## [WHAT TO PRODUCE]
Exactly reproduce the lines from the one containing "Mes bijoux de famille - Pierre PERRET: Mes" through the last line of the data, both ends included, leaving out pictures.

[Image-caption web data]
########################################

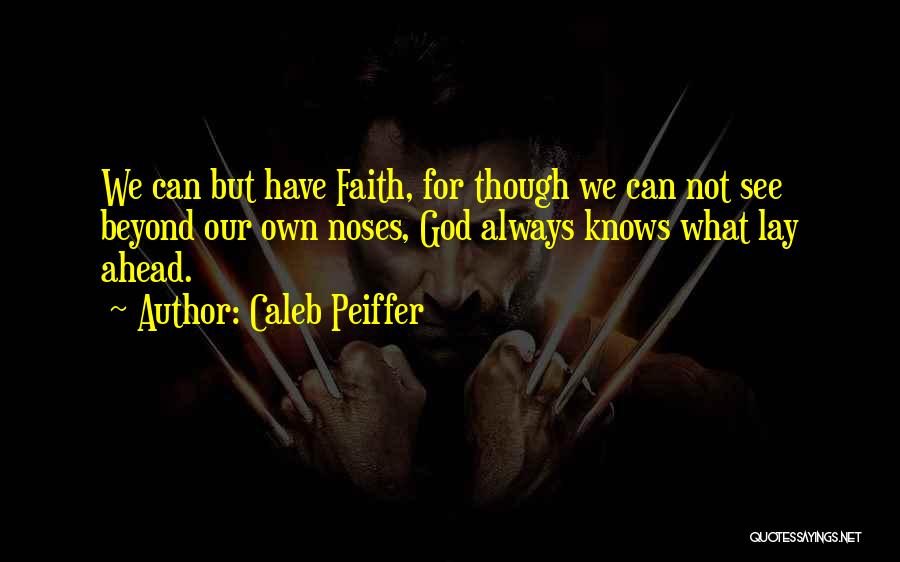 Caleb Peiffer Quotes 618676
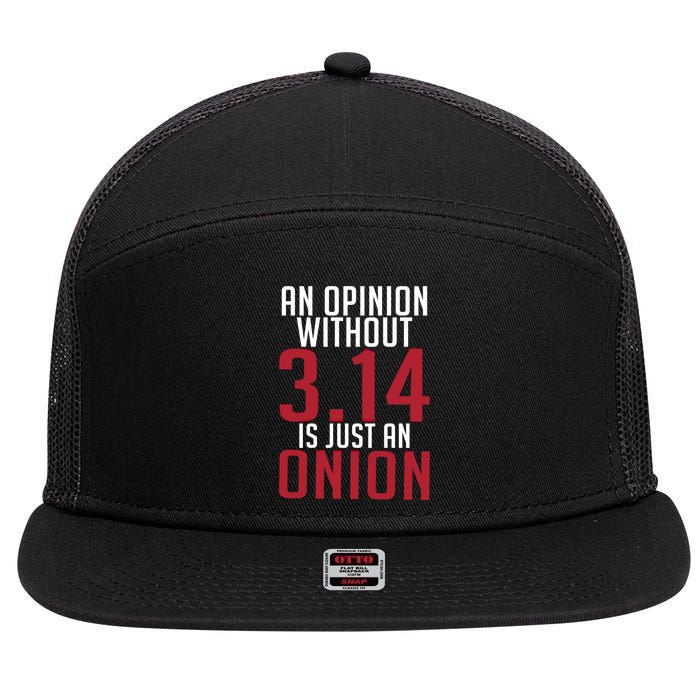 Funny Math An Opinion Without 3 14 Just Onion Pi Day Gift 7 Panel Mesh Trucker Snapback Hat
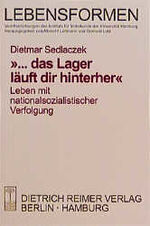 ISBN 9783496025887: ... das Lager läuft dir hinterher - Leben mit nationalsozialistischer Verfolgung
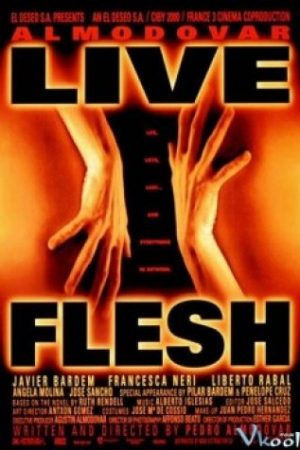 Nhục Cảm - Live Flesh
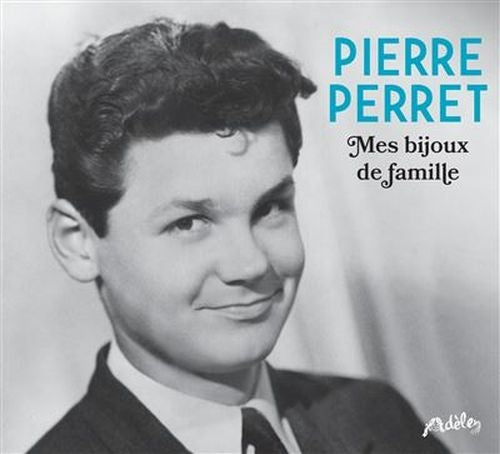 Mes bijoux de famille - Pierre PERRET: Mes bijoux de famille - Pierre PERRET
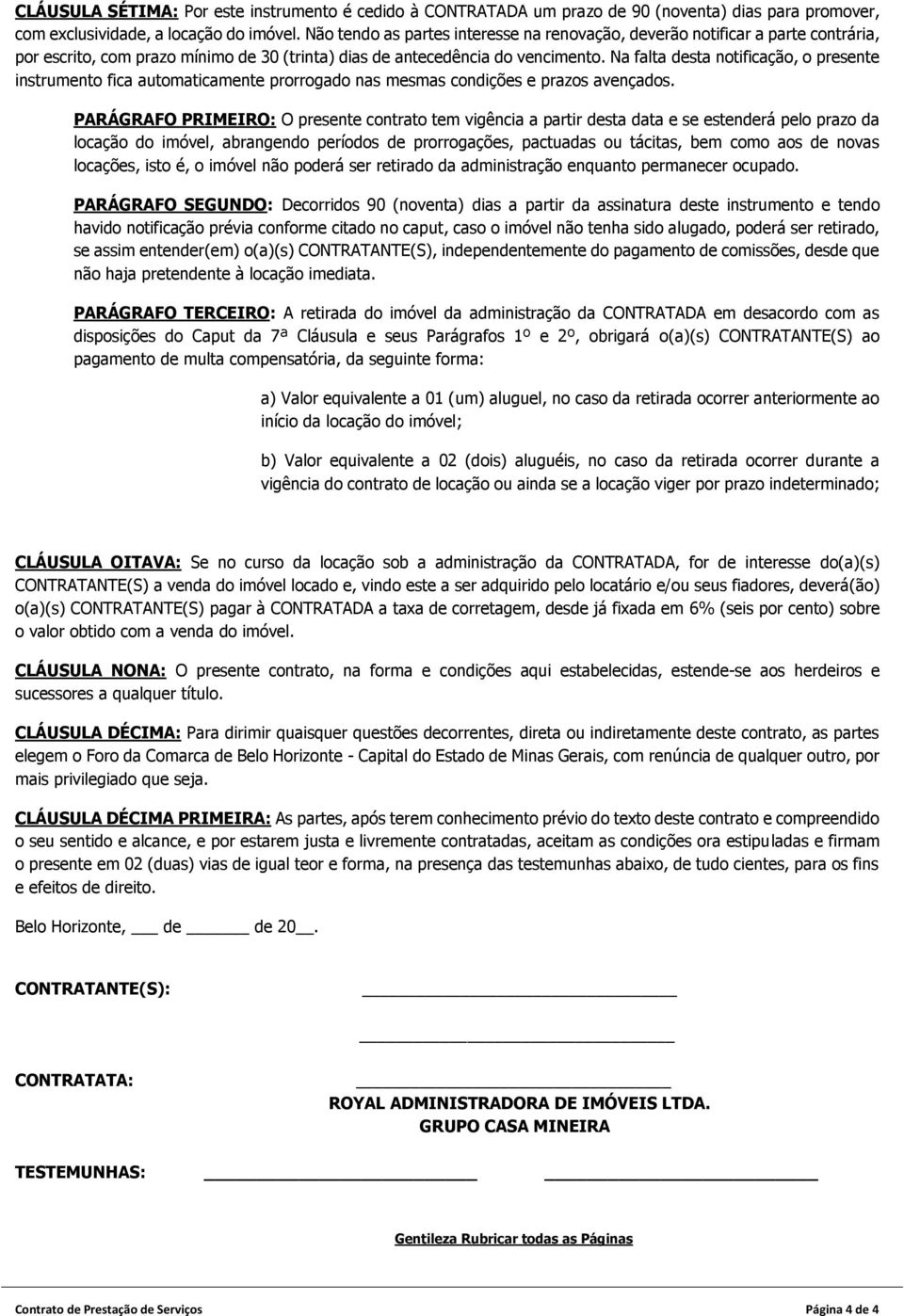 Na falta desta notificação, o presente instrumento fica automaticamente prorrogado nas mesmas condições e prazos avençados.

########################################

## [TASK ANSWER]
 Mes bijoux de famille - Pierre PERRET: Mes bijoux de famille - Pierre PERRET
 Na falta desta notificação, o presente instrumento fica automaticamente prorrogado nas mesmas condições e prazos avençados.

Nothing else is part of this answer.